Generating Synthetic Relational Tabular Data via Structural Causal Models
This work addresses a critical gap for data scientists and ML practitioners working with real-world relational tabular data, though it appears incremental as an extension of existing SCM-based approaches.
The authors tackled the problem of generating synthetic relational tabular data, which current methods inadequately address, by developing a novel framework based on structural causal models that creates datasets with complex inter-table dependencies. Their experiments confirmed the framework's ability to construct realistic relational datasets mimicking real-world scenarios.

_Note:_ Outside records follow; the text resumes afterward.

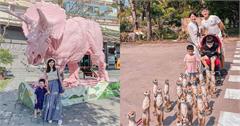 台南｜12個親子景點推薦：最新眷村園區、全台最大千坪花園、化石博物館，通通有！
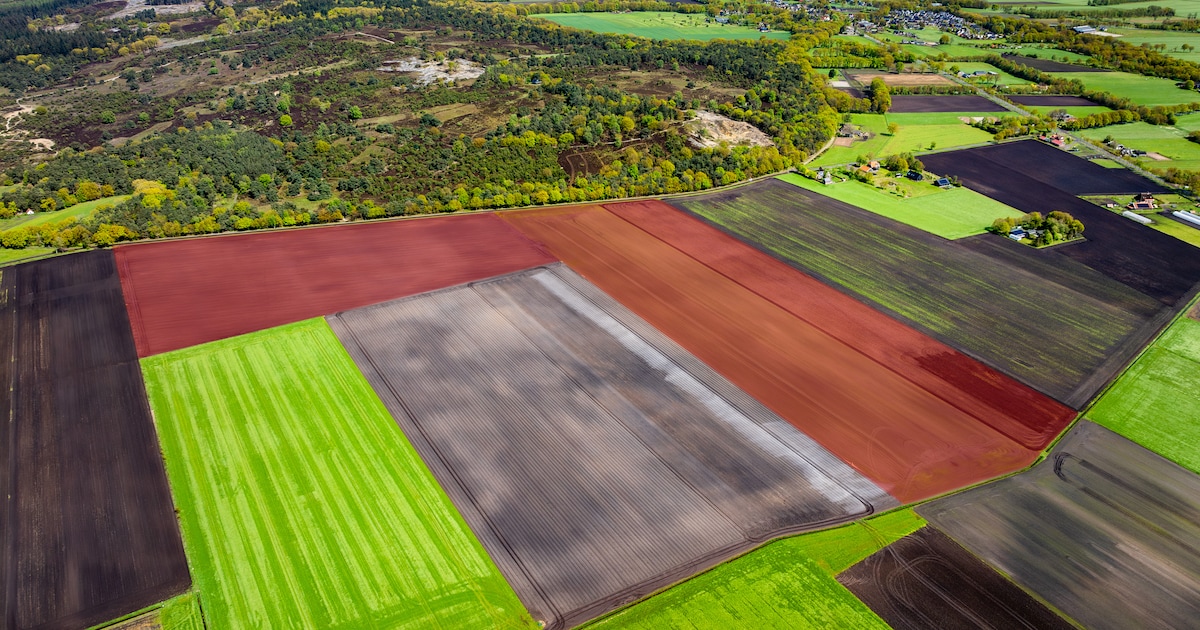 Pilot biologische bollenteelt start in Egmond aan den Hoef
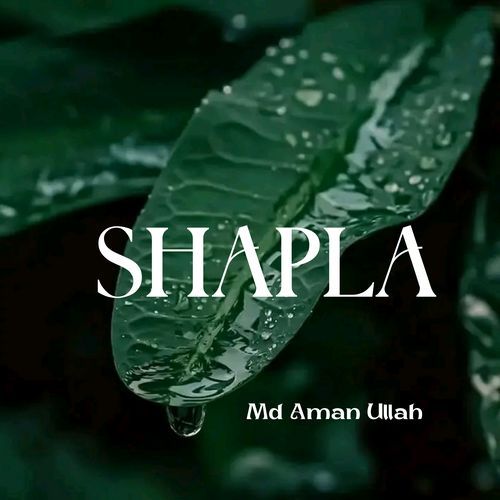 Shapla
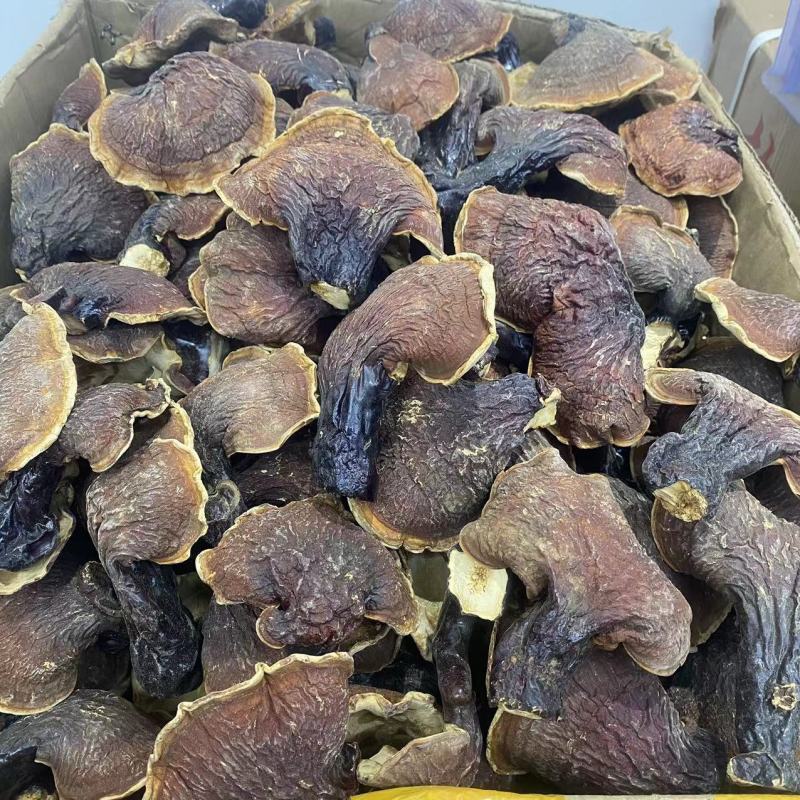 长白山林下灵芝金边灵芝批发大号白灵芝泡水煲汤整枝切片正品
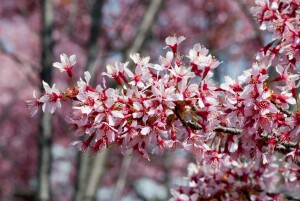 Prunus Okame                         CA60- 80 cm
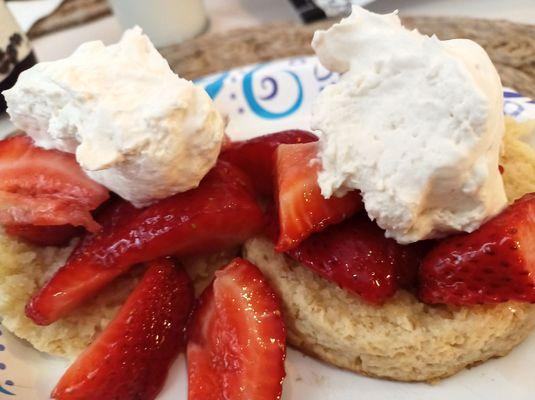 Strawberry Shortcake (includes San Martin dairy; Milk, Butter & Cream) BEST EVER!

Synthetic tabular data generation has received increasing attention in recent years, particularly with the emergence of foundation models for tabular data. The breakthrough success of TabPFN (Hollmann et al.,2025), which leverages vast quantities of synthetic tabular datasets derived from structural causal models (SCMs), demonstrates the critical role synthetic data plays in developing powerful tabular foundation models. However, most real-world tabular data exists in relational formats spanning multiple interconnected tables - a structure not adequately addressed by current generation methods. In this work, we extend the SCM-based approach by developing a novel framework that generates realistic synthetic relational tabular data including causal relationships across tables. Our experiments confirm that this framework is able to construct relational datasets with complex inter-table dependencies mimicking real-world scenarios.